3.2. Understanding sampling distributions
Reasoning about sampling distributions requires students to integrate several
statistical concepts and to be able to reason about the hypothetical behaviour of many
samples an intangible thought process for many students (Chance, Delmas & Garfield,
2004). According to these authors, many students fail to develop a deep understanding of
the sampling distribution concept and as a result can only manage a mechanical knowledge
of statistical inference, leaving such tasks as interpreting a p-value well beyond those
students.
Saldahna and Thompson (2002) studied the understandings of high school students
when engaged in activities that used computer applets to simulate repeated random
sampling from a population. The activity required students to randomly draw a sample from
a population, compute a sample proportion and then repeat this process over and over. They
found that most students had extreme difficulty in conceiving of repeated sampling in terms
of three distinct levels: population, sample, collection of sample statistics. These difficulties
led many students to misinterpret a simulation’s result as a percentage of people rather than
a percentage of sample proportions.
Chance et al. (2004) found that while students were able to observe behaviours and
notice patterns in the behaviour (e.g. larger the sample size smaller the variation) shown by
random sampling applets, they did not understand why the behaviour occurred. The authors
noted that, after exposure to applets, students were unable to suggest plausible distributions
of samples for a given sample size and agreed with Saldahna and Thompson that students
did not have a clear distinction between the distribution of one sample of data and the
distribution of means of samples. Simply being exposed to the applets was not sufficient to
render a learning gain. The authors concluded that: (a) students need to become more
7
familiar with the process of sampling, (b) activities associated with applets need to be both
structured and unstructured, and (c) students need to discuss their observations after an
activity so they could become focussed on what observations are most important, what
important observations they did not make and how the important observations are
connected.
3.3. Understanding the null and alternative hypotheses
Errors and misinterpretations in hypothesis tests can lead to a paradoxical situation,
where, on one hand, a significant result is often required to get a paper published in many
journals and, on the other hand, significant results are misinterpreted in these publications
(Falk & Greenbaum, 1995). There is confusion between the roles of the null and alternative
hypotheses as well as between the statistical alternative hypothesis and the research
hypothesis (Chow, 1996). Vallecillos (1994) reported that many students in her research,
including 6 out of 31 pre-service mathematics teachers, believed that correctly carrying out
a test proved the truth of the null hypothesis, as in the case of a deductive procedure.
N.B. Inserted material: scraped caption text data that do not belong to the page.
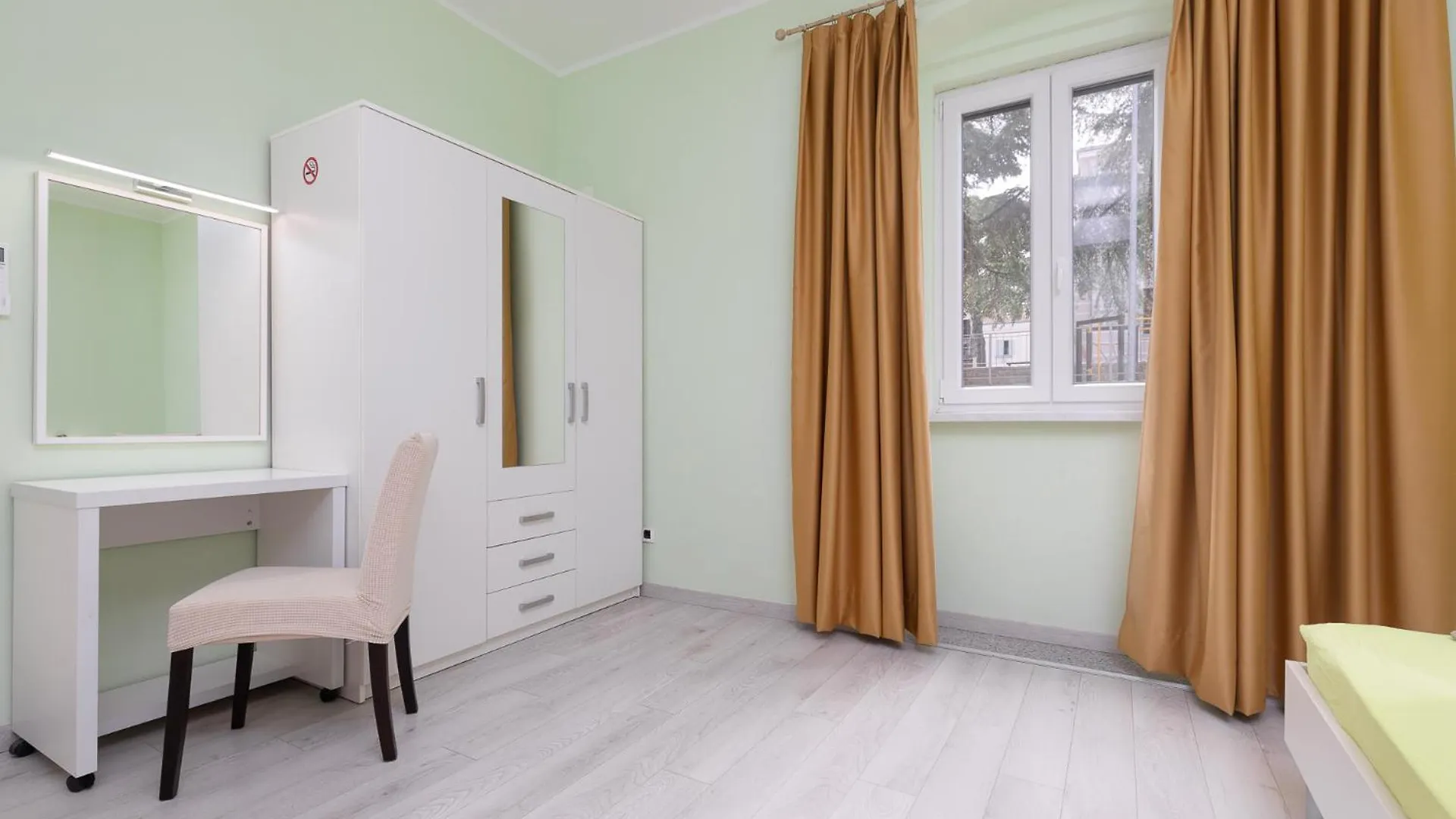 Valnea - Apartment For Five People In The Center Of Porec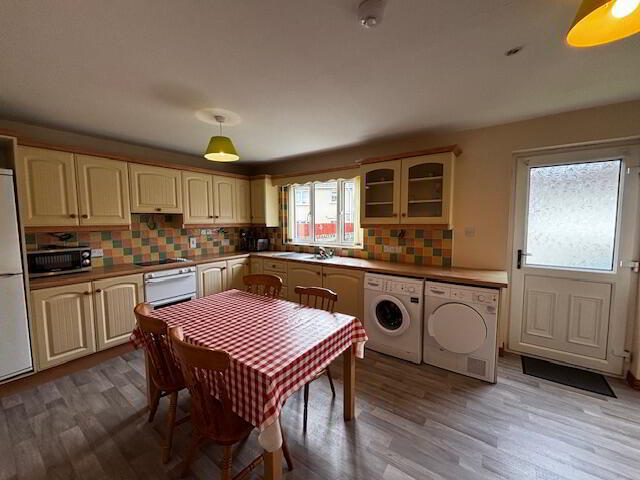 47 Rockfield Heights 4 of 12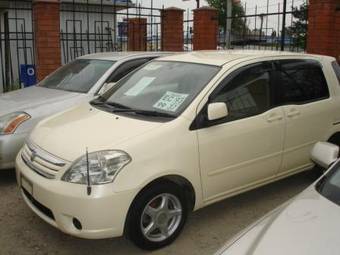 2003 Toyota Raum Pictures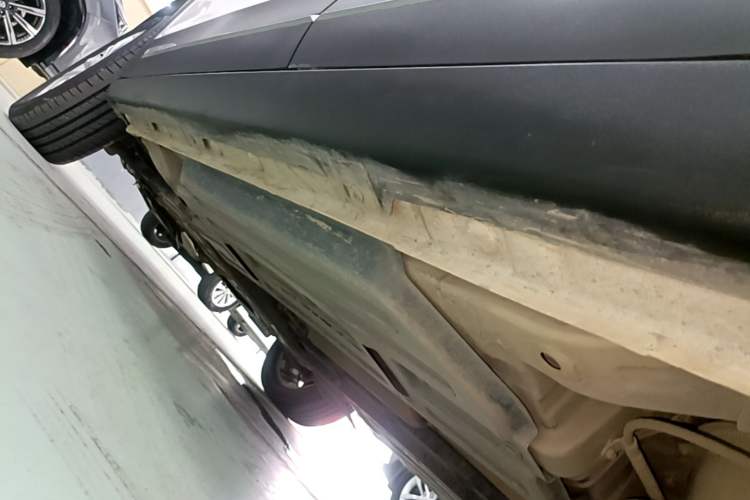 Used Baojun 510 2019 1.5L Manual Enjoyment Model 77kW China VI Emission Standard Left Side Sill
Vallecillos (1999) described four different conceptions regarding the type of proof that
hypotheses tests provide: (a) as a decision-making rule, (b) as a procedure for obtaining
empirical support for the hypothesis being researched, (c) as a probabilistic proof of the
hypotheses, and (d) as a mathematical proof of the truth of the hypothesis. While the two
first conceptions are correct, many students in her research, including some pre-service
teachers, held either conception (c) or (d).
Belief that rejecting a null hypothesis means that one has proven it to be wrong was
also found in the research by Lui and Thompson (2009) when interviewing 8 high school
statistics teachers, who seemed not to understand the purpose of statistical tests as
mechanisms to carry out statistical inferences.
3.4. Understanding statistical significance and p-values
Two particularly misunderstood concepts are the significance level and the p-value.
The significance level is defined as the probability of falsely rejecting a null hypothesis.
The p-value is defined as the probability of observing the empirical value of the statistics or
a more extreme value, given that the null hypothesis is true. The most common
8
misinterpretation of these concepts consists of switching the two terms in the conditional
probability: interpreting the level of significance as the probability that the null hypothesis
is true once the decision has been made to reject it or interpreting the p-value as the
probability that the null hypothesis is true, given the observed data. For example, Birnbaum
(1982) reported that his students found the following definition reasonable: "A level of
significance of 5% means that, on average, 5 out of every 100 times we reject the null
hypothesis, we will be wrong". Falk (1986) found that most of her students believed that α
was the probability of being wrong when rejecting the null hypothesis at a significance
level α. Similar results were found by Krauss and Wassner (2002) in university lecturers
involved in the teaching of research methods. More specifically they found that 4 out of
every 5 methodology instructors have misconceptions about the concept of significance,
just like their students. Vallecillos (1994) carried out extensive research on students
misconceptions related to statistical tests (n=436 students from different backgrounds) that
included 31 pre-service mathematics teachers (students graduating in mathematics), 13 of
whom interpreted the level of significance as the probability that the null hypothesis is true,
once the decision to reject it has been made.
Lui and Thompson (2009) remark that the ideas of probability and unusualness are
central to the logic of hypothesis testing, where one rejects a null hypothesis when a sample
from this population is judged to be sufficiently unusual in light of the null hypothesis.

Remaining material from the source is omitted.